Dr. George Faison
Dr. George Faison is an award winning, internationally celebrated producer, writer, essayist, composer, director, choreographer, dancer and philanthropist. The recipient of numerous awards, Faison began studying at Howard University when he was fifteen years old. He spent years in the Howad University building of Fine Arts, absorbing all educators and artists had to offer him. He received a Doctor of Fine Arts degree from the University of Massachusetts Amherst.
He is the first African American to win a Tony Award (1975) for best choreography (The Wiz). Faison began his career as a principal dancer with the Alvin AIley American Dance Theater. His Broadway career began with the musical Purlie. After leaving the Ailey Company, he formed the George Faison Universal Dance Experience and went on to create several American dance classics which include: Slaves, Suite Otis, Gazelle, and Poppy. He has also choreographed and staged concerts for musical legends including Ashford and Simpson, Roberta Flack, Stevie Wonder, Earth, Wind and Fire, Dionne Warwick and Stephanie Mills. Dr. Faison has directed regional productions across the country in theaters from the New York City Public Theater to the Princeton University McCarty Theater to the Kennedy Center in Washington, D.C. He has written musicals which include: Apollo, It Was Just Like Magic, Sing Mahalia Sing, If This Hat Could Talk (based on the life of Civil Rights activists Dorothy Height) and most recently, Bah Humbug: The Notorious E.B. Scrooge based on a Christmas Carol. His film credits include Sgt. Peppers Lonely Hearts Club Band, The Cotton Club, Driving Me Crazy, and the Josephine Baker Story.

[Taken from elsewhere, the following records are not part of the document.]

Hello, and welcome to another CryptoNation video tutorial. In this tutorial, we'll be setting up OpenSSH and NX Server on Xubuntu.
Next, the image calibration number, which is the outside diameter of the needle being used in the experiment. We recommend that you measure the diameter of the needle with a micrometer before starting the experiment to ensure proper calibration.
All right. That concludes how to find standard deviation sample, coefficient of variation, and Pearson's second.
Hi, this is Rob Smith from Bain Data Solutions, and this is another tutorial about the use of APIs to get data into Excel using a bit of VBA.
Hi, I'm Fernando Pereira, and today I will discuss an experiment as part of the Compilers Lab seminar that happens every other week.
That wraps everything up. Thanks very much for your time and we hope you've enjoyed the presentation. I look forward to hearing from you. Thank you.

Dr. Faison is a co-producer and artistic director of the New York City Summer Stage Harlem Dance Caravan at the Richard Rogers Amphitheater in Marcus Garvey Park. Faison recently co-produced the 10th Anniversary Gala of The History Makers “An Evening With Valerie Simpson in Honor Of Nick Ashford” and directed “Steppin’ Out Of The Negro Caravan” at Howard University.